Exactly as they stand, repeat the lines from the one containing "Unlink a code" through the final line of the listing, both ends included, and nothing else; skip the pictures.
= = = = = = =
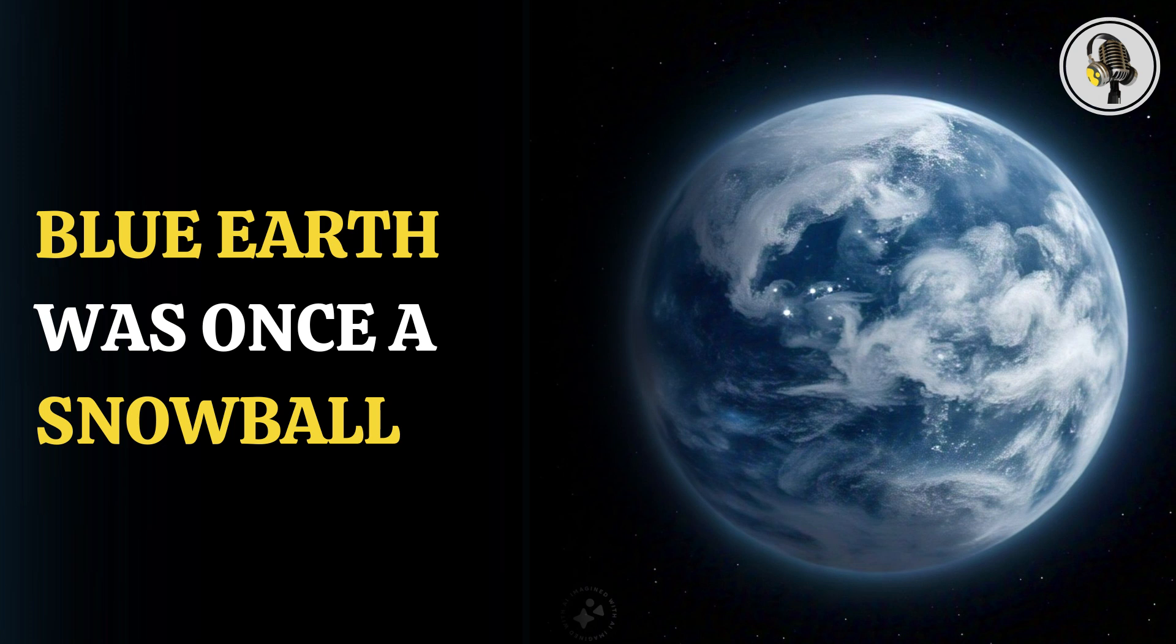Welcome to our podcast, where we cover unique and interesting stories for you. In this episode, we will discuss the truth about whether our Blue Earth was once a snowball planet.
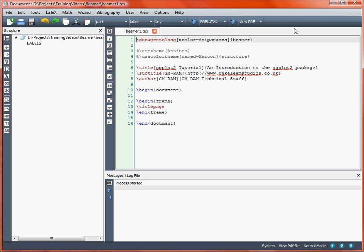The LaTeX typesetting system is very good for producing documents. It's especially useful for creating documents that have got mathematics in them, and in many situations where we might want to create a presentation that looks reasonably professional. We might choose to use LaTeX in particular if we want to put mathematics in the presentation. However, we can still make good-looking presentations without the need to put any mathematics in them.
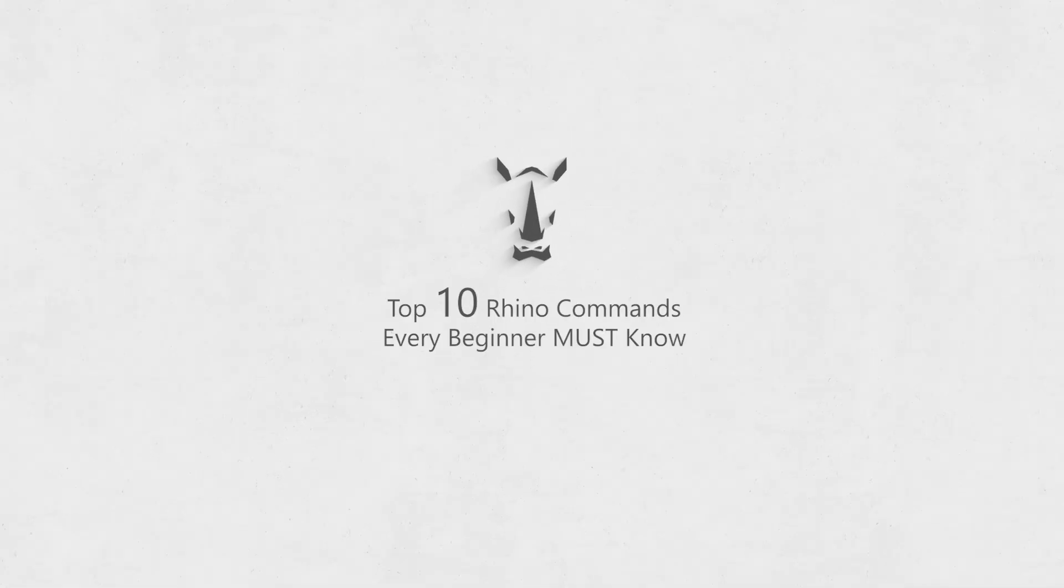Hey there, I'm Hossain, and in this series we're going to dive into 10 super useful Rhino commands, step by step and totally hands-on. So let's jump right into the first part.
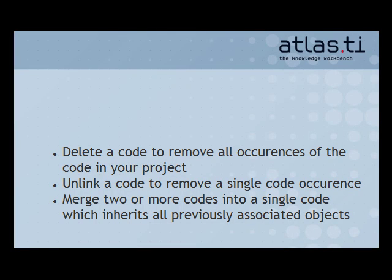Unlink a code instead to delete a single coding. And use the Merge function to streamline your code list by combining two or more codes into a single code.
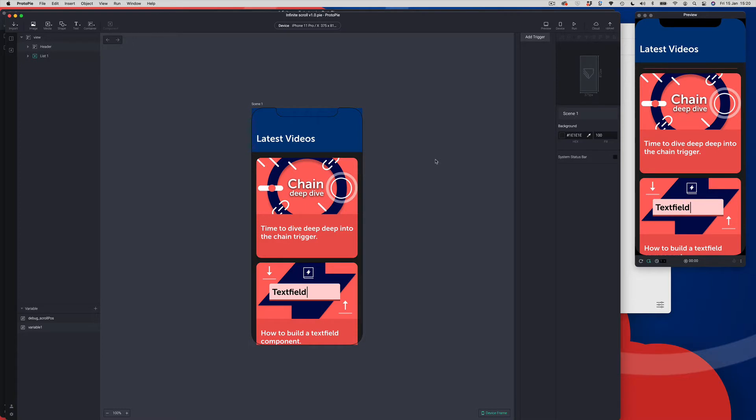Hi everyone, and welcome to this episode of Protopilot. In this episode, we're going to be looking at how to build an infinite scroll component right inside Protopie.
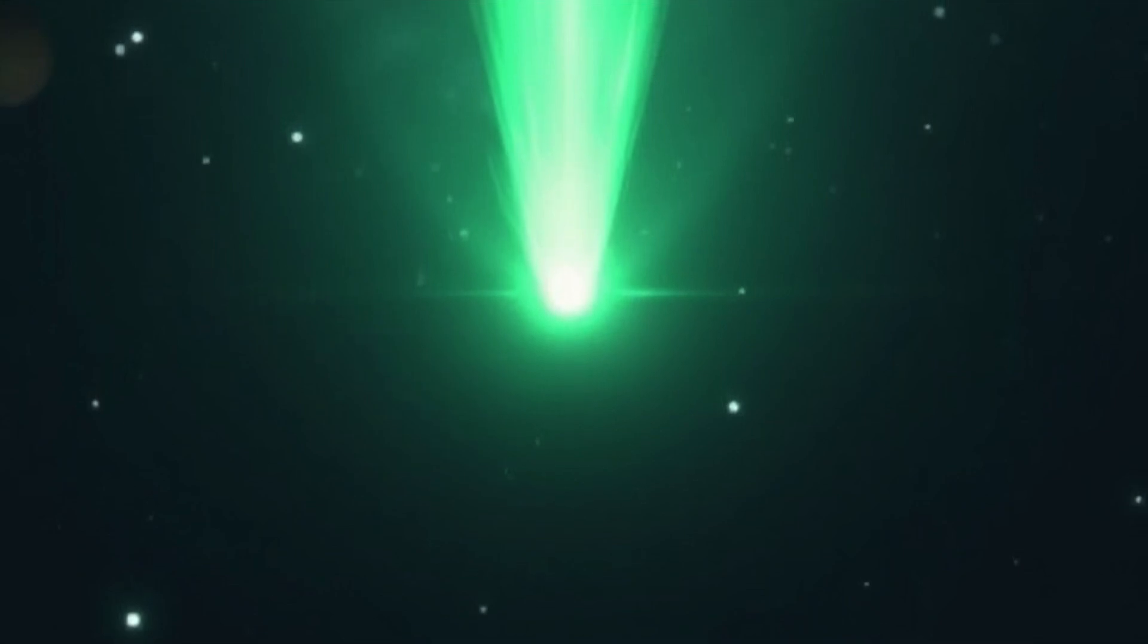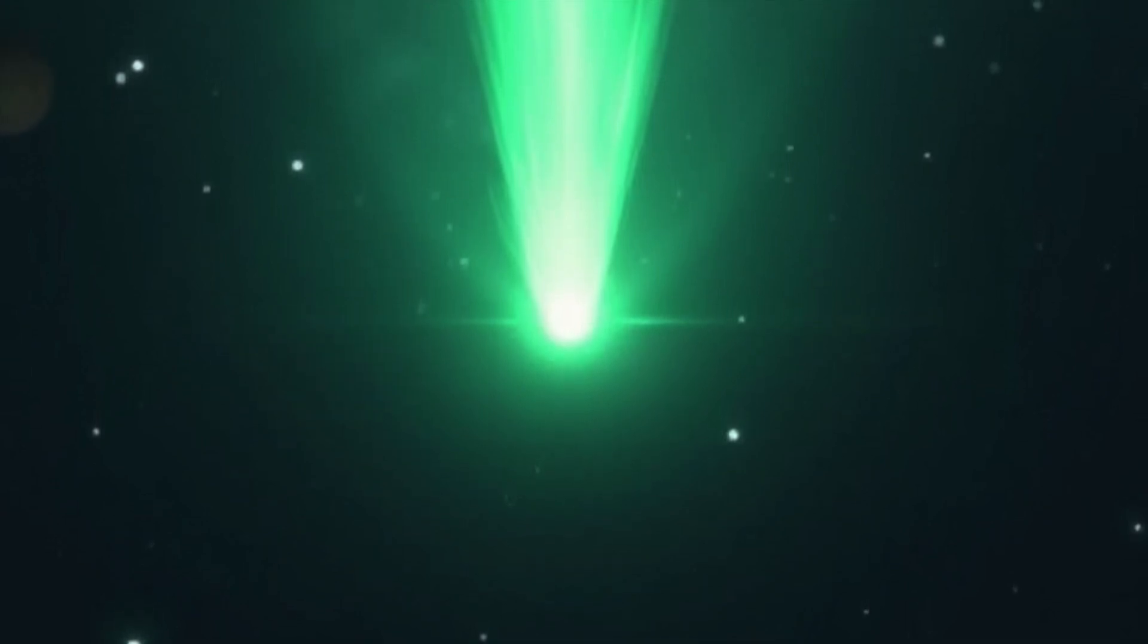It was discovered on July 1st, 2025, hurtling through space on a hyperbolic path. From the beginning, it showed signs of being a comet, clouds of ice and dust, but as it's moved closer to the sun, those signs have become impossible to ignore.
= = = = = = =
§ **Your response**
Unlink a code instead to delete a single coding. And use the Merge function to streamline your code list by combining two or more codes into a single code.
Hi everyone, and welcome to this episode of Protopilot. In this episode, we're going to be looking at how to build an infinite scroll component right inside Protopie.
It was discovered on July 1st, 2025, hurtling through space on a hyperbolic path. From the beginning, it showed signs of being a comet, clouds of ice and dust, but as it's moved closer to the sun, those signs have become impossible to ignore.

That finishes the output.